1.2. Contributions and Outline

Due to the structure of GANs, the independent and dependent variables appear in the output of the generator (whereas for feedforward networks, the independent variables would be more likely to appear in the input, and the dependent variables in the output). The input of a GAN is a set of random variables, and it generates a realistic sample from these random variables. For regression problems, although sampling the latent space will give a good idea of the distribution learned by the generator, it can also be desirable to be able to obtain a response at a particular value of the independent variable. In order to do this, we propose a prediction algorithm which involves minimising the difference between the output of the GAN for the independent variable and its desired value. This prediction algorithm has been used previously to enable a GAN to make time series predictions [10,19]. It is somewhat similar to an algorithm presented by Wang et al. [20], which searches the latent space in order to match a given image with an image produced by the generator. The necessity for these algorithms comes about because the output of the GAN contains both the independent and dependent variables. In this paper, we develop a new regression method based on GANs and show how it compares to a state-of-the-art GPR regression method by testing both methods on a range of datasets. We apply the same model (a GAN) to all the datasets in the paper and compare with a standard GPR model. Although specific types of GPR have been developed for particular datasets (for example, Heteroscedastic GPR [21], and GPR for clustered data [22]), here we choose a single type of GPR model as we do not tailor the GAN to the specific datasets (other than optimising the architecture and other hyperparameters as is usual).
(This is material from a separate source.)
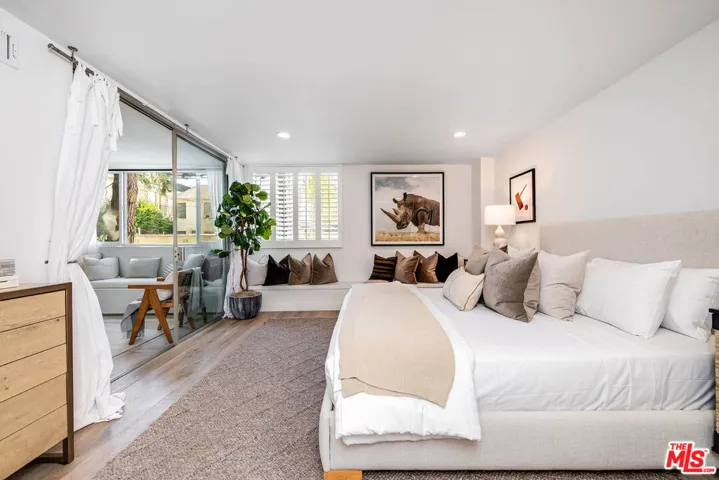 441 N Oakhurst Drive 203, Beverly Hills, California 90210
This enables us to demonstrate the flexibility of the single GAN model.

The contributions of this article are the use of a WGAN to perform regression; the ability to apply this model to multi-modal data and multi-output regression (MOR-GAN) tasks with no modifications required to the GAN; the presentation of a prediction algorithm to be used with the trained GAN in order to predict a response for a given independent variable; the exploitation of the WGAN’s critic to provide a confidence level or assessment of reliability for the predictions made by the WGAN’s generator.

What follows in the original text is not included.